Miley Cyrus covered the song for BBC Radio1's Live Lounge.

Charts

Weekly charts

Year-end charts

Certifications

Cedric Gervais remix

In January 2013, a remix by Cedric Gervais was commissioned for the record label Universal Germany. However, the remix was initially turned down by Interscope and Polydor Records, Lana Del Rey's record labels in America and the UK, respectively, but was released on Spinnin' Records.  In the spring of 2013, the remix quickly surged to number one on Beatport, resulting in several radio programmers and DJs, such as Pete Tong, working the song into their radio station's rotation. BBC Radio 1  added the remix to its playlist, helping it to gain popularity around the world. Several Sirius XM radio stations began playing it, and Interscope decided to push at Top 40 radio in the United States. After positive feedback, Interscope agreed to release the remix.

Background
Hesitant to accept requests for remixes from other artists, Gervais immediately consented to assisting Del Rey with remixing "Summertime Sadness". He said, "Lana Del Rey came in. I didn't even ask how much money [...] I wasn't thinking if it was going to be a hit or not, I just love and respect the artist that she is." Satisfied with the finished product, Del Rey's team commissioned Gervais to produce a mix version of "Young and Beautiful".
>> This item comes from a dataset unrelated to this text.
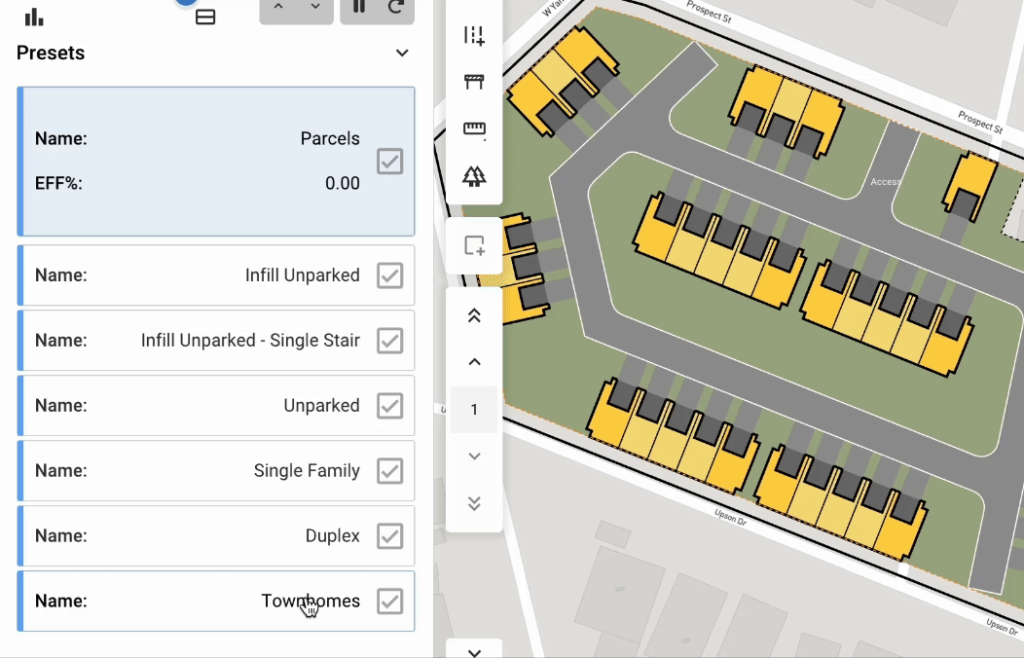 Finch3D vs. TestFit: Which Generative Design Tool is Best for Architectural Feasibility?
The decision to release the new version of "Summertime Sadness" on the DJ's primary label, Spinnin' Records, was made by Cedric's manager Luke Allen (Red Light Management) to expand the song's audience to Gervais' EDM fanbase. Allen grew and built the record from grass roots, but it wasn't until he invited Interscope A&R John Ehmann to a performance at the Electric Daisy Carnival in Las Vegas that the major label came on board, after Ehmann heard 60,000 people singing along to the song. Months later, the house and Eurodance track was a sleeper hit, peaking at number 6 on Billboards Hot 100 chart. "In every country I'm going to, I hear my remix on the radio," the DJ commented on the song's success. "I started a long time ago in the business with the passion of being a DJ and all of the sudden I make a track like this I get even more excited and motivated." Becoming the most successful work of his career at the time, "Summertime Sadness" unlocked a plethora of opportunities for Gervais, including a contract for the release of a full-length album that features many high-profile dance singers, Rick Nowels (co-writer of "Summertime Sadness"s lyrics) assisting him.

Music video
Gervais' interpretation of "Summertime Sadness" received a video treatment. The majority of the video includes the same footage of the original version produced by Kyle Newman. Sam Lansky of Idolator described the remake as being "...stitched together with familiar glitchy footage of Lana in her conventional Tumblrwave style." Expanding, he said: "the euphoric house production contrasts with the melancholy aesthetic in that way that feels quintessentially Lana and, well, if nothing else, the track is straight fire." Further, Lansky remarked on the audio, stating: "The gloomy cut has received a proper single treatment" from Cedric Gervais who metamorphosed "Lana"s lachrymose original into a dancefloor stomper".

Charts

Weekly charts

Year-end charts

Decade-end charts

Certifications

Track listing 

German CD single
 "Summertime Sadness" (Radio Mix) – 4:12
 "Summertime Sadness" – 4:25

German remixes EP
 "Summertime Sadness" (Radio Mix) – 4:12
 "Summertime Sadness" – 4:25
 "Summertime Sadness" (Radio Mix, Extended Version) – 5:06
 "Summertime Sadness" (Hannes Fischer Nightflight Remix) – 6:41

German 12" remixes EP
 "Summertime Sadness" (Todd Terry Remix) – 6:35
 "Summertime Sadness" (Todd Terry Dub) – 5:37
 "Summertime Sadness" (Hannes Fischer Nightflight Remix) – 6:41
 "Summertime Sadness" (Marbert Rocel Remix) – 5:41

"Summertime Sadness" – Asadinho Remixes
 "Summertime Sadness" (Asadinho Main Vocal Mix) – 8:34
 "Summertime Sadness" (Asadinho Dub) – 7:45
 "Summertime Sadness" (Asadinho Instrumental) – 7:00

"Summertime Sadness" – Cedric Gervais Remix
 "Summertime Sadness" (Cedric Gervais Extended Remix) – 6:56
 "Summertime Sadness" (Cedric Gervais Remix) - 3:36

"Summertime Sadness" – Cedric Gervais Extended Remix
 "Summertime Sadness" (Cedric Gervais Remix) – 3:36
 "Summertime Sadness" (Cedric Gervais Extended Remix) - 6:56

"Summertime Sadness" – MK in the Air Remix
 "Summertime Sadness" (MK in the Air Remix) – 4:02

"Summertime Sadness" – Nick Warren Remixes
 "Summertime Sadness" (Nick Warren's Vocal Remix) – 10:34
 "Summertime Sadness" (Nick Warren's Skandik Dub) – 10:40
 "Summertime Sadness" (Nick Warren's Instrumental Remix) – 10:32

Credits and personnel
Credits for "Summertime Sadness" taken from Born to Die album liner.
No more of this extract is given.